朱曦這個時候則說道,「以前皇兄說秀才不出門全知天下事,咱以前是不信的。可是皇兄很小之時就能知曉這些事情,咱那時候還整日惦記著漂亮衣裳、華貴首飾。」
朱珠看了一眼侄女,驕傲說道,「你能知曉什麼?!你皇兄在你跟前,那是哄著你們幾個玩。以前母后親自教導英兒,英兒常常讓母后啞口無言,只能讓父皇、皇兄,或是翰林院的過來解惑。」
「皇帝有慧根,也善思考。」老朱驕傲無比,說道,「咱走南闖北好些年,有些事情也知道,就是不明白是咋個回事。皇帝看看書就知道,還能舉一反三。」
朱珠繼續驕傲無比,得意洋洋的看了看駙馬們,「都說父皇、母后偏寵英兒,要咱說也是應該。母后常說宋時最喜神童,只是咱英兒和那些個神童不一樣。

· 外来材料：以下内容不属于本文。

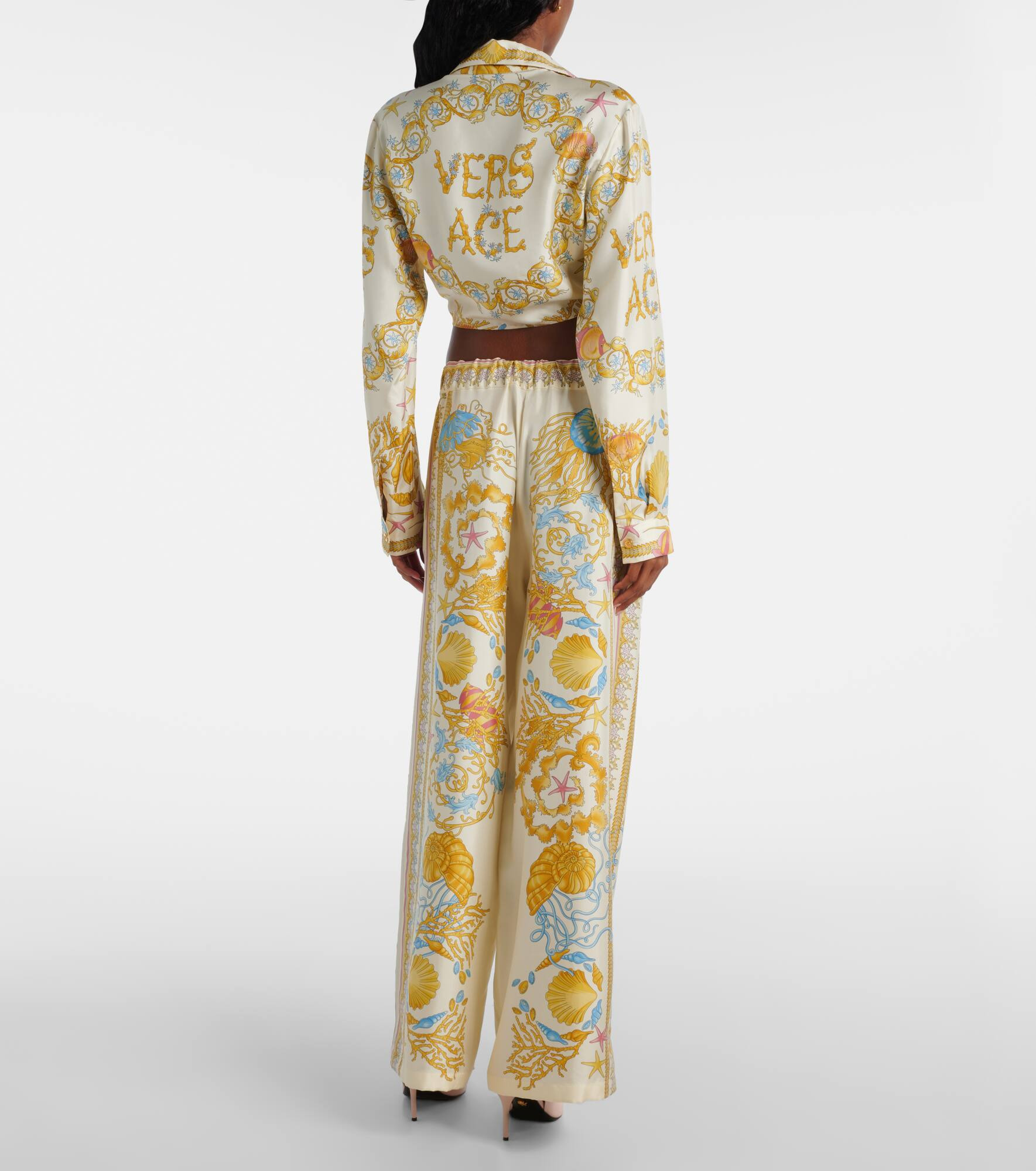 Underwater Barocco silk palazzo pants - 3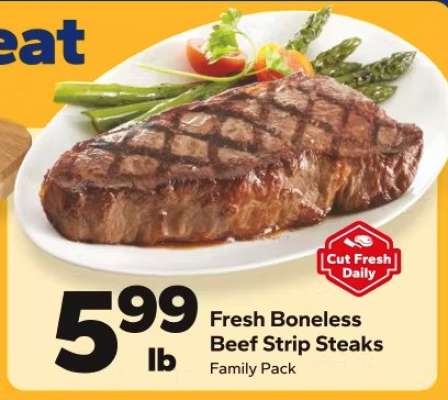 Fresh Boneless Beef Strip Steaks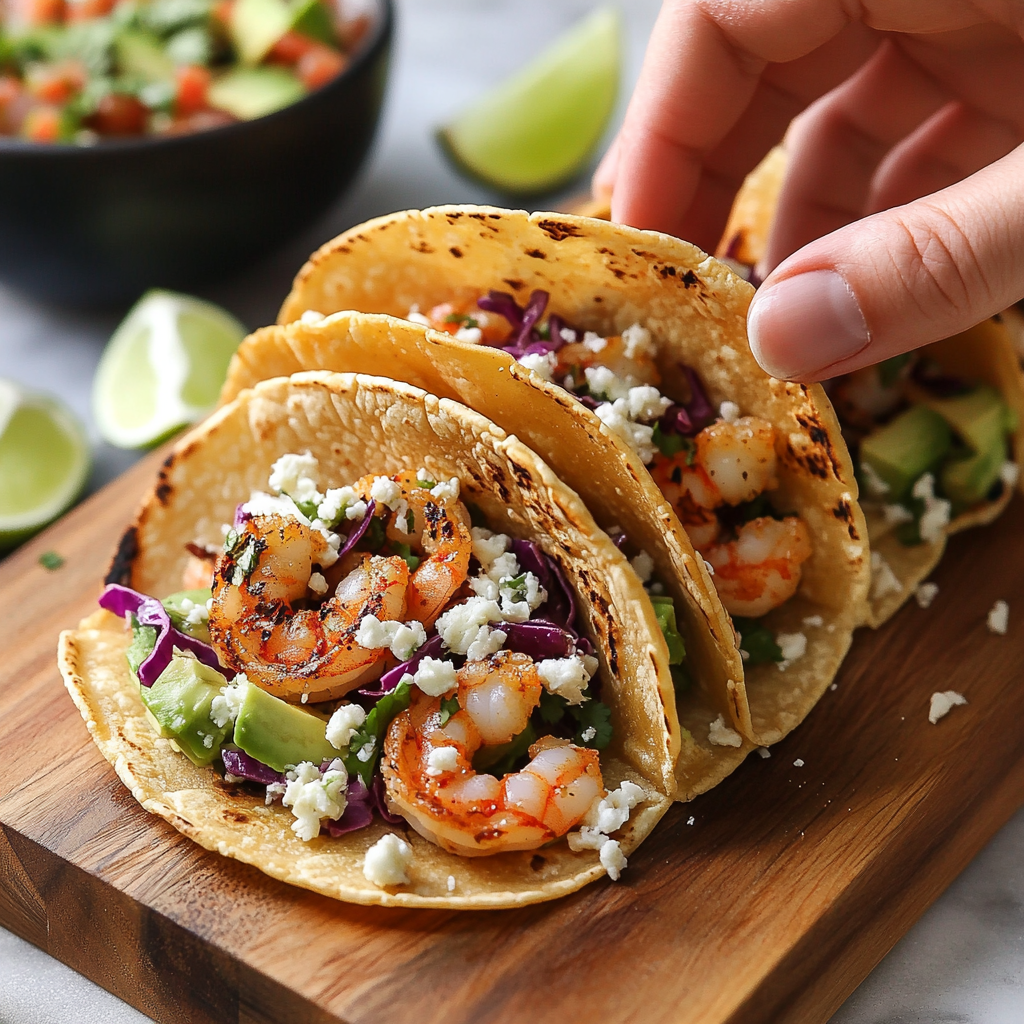 Spicy Shrimp Tacos Recipe 3 A person assembling spicy shrimp tacos with slaw and avocado
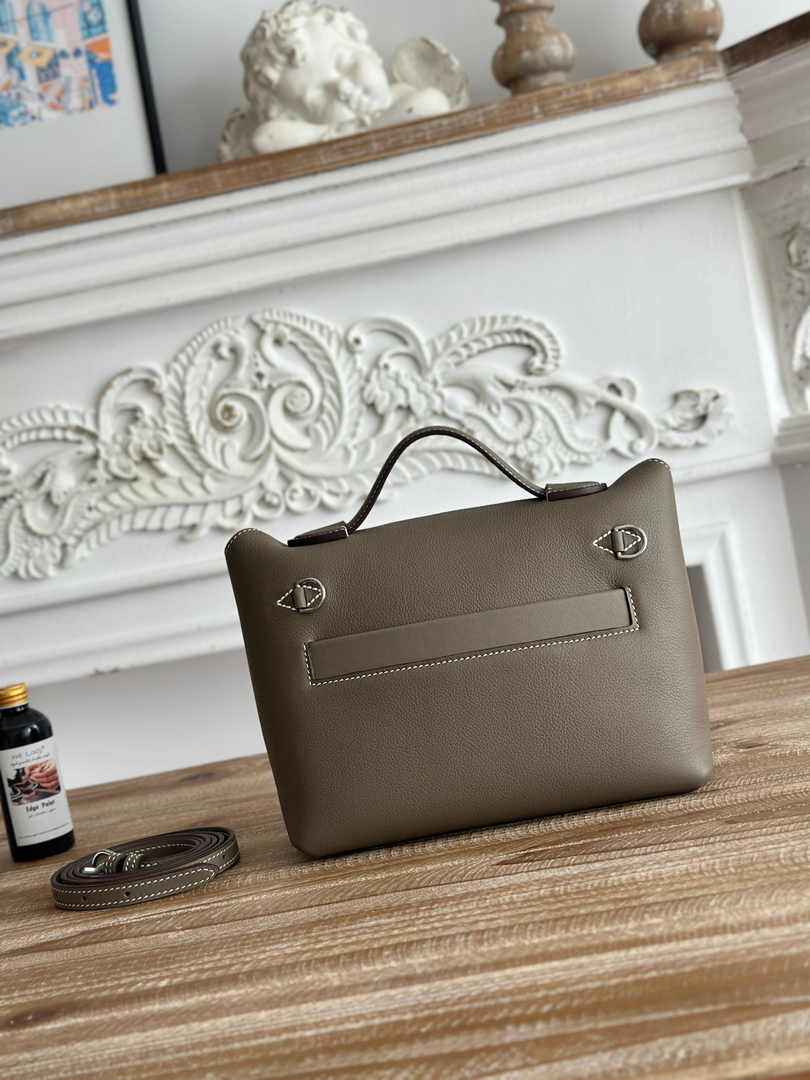 Hermès 24/24 Mini Bag Evercolor Swift Leather Dark Gray Silver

咱英兒是天生要當皇帝的,懂得也都是治理天下的本事。」
「莫要瞎說,要不是你母后親自教導,他也沒這般出息。」老朱笑的更加開心了,說道,「英兒千般好,就是咱和你母后再教他,都是個沒帶兵本事的。」
朱玥湊趣,說道,「皇爺爺,這話可莫要在皇兄跟前說,要不他又要氣的吃不下飯。」
「爹治理天下啊!」小小朱雖然在和表哥表弟們鬧,只是還是說道,「咱以後當大將軍、大元帥,咱去打天下!到時候表哥和表弟都給咱當將軍,咱爹喜歡哪裡咱就去打哪裡!」
老朱笑著抱怨道,「英兒以前想當武皇帝,小時整天腰裡掛著小木刀,長大點就佩劍。旁人都是佩玉,就他整日想著武事。他是沒那個天賦,生了個兒子倒是有了天分,和他小時一個樣。」
朱珠理所當然的說道,「英兒有著皇兄的文才,太子這邊倒是有了父皇帶兵的本事。要咱說還是父皇前些年太忙了,英兒就是再沒天分,父皇也能教出來。太子整天跟在父皇跟前,這多出息!」
老朱笑著,看了看小小朱,「皇帝有些個見識,咱是跟不上。咱垠兒跟著他爹也能長見識,你們自個說說看,你們知道安南那邊沒個冬天?一年四季,咱是常理,那頭說是沒有冬天,還只有什麼個旱季、雨季,奇奇怪怪的東西也多。」
朱玥也說道,「咱以前只聽說嶺南有瘴氣,只是後來才知道那頭的冬日不冷。本來以為就是那邊是這般,只是沒有想到安南以南還要暖和。咱皇兄沒去過,全都知曉。」
「皇帝還是見微知著,只是從東瀛浪人那裡訊問消息,就斷出東瀛有大礦。」老朱更加驕傲,和尋常老人沒什麼兩樣,喜歡炫耀兒孫的成績,「如今咱大明再無白銀之憂,都是皇帝的本事!」
要說這是在拍馬屁也好、歌功頌德也罷,或者只是在簡單的陳述一些事實,這其實都沒有太大的關係。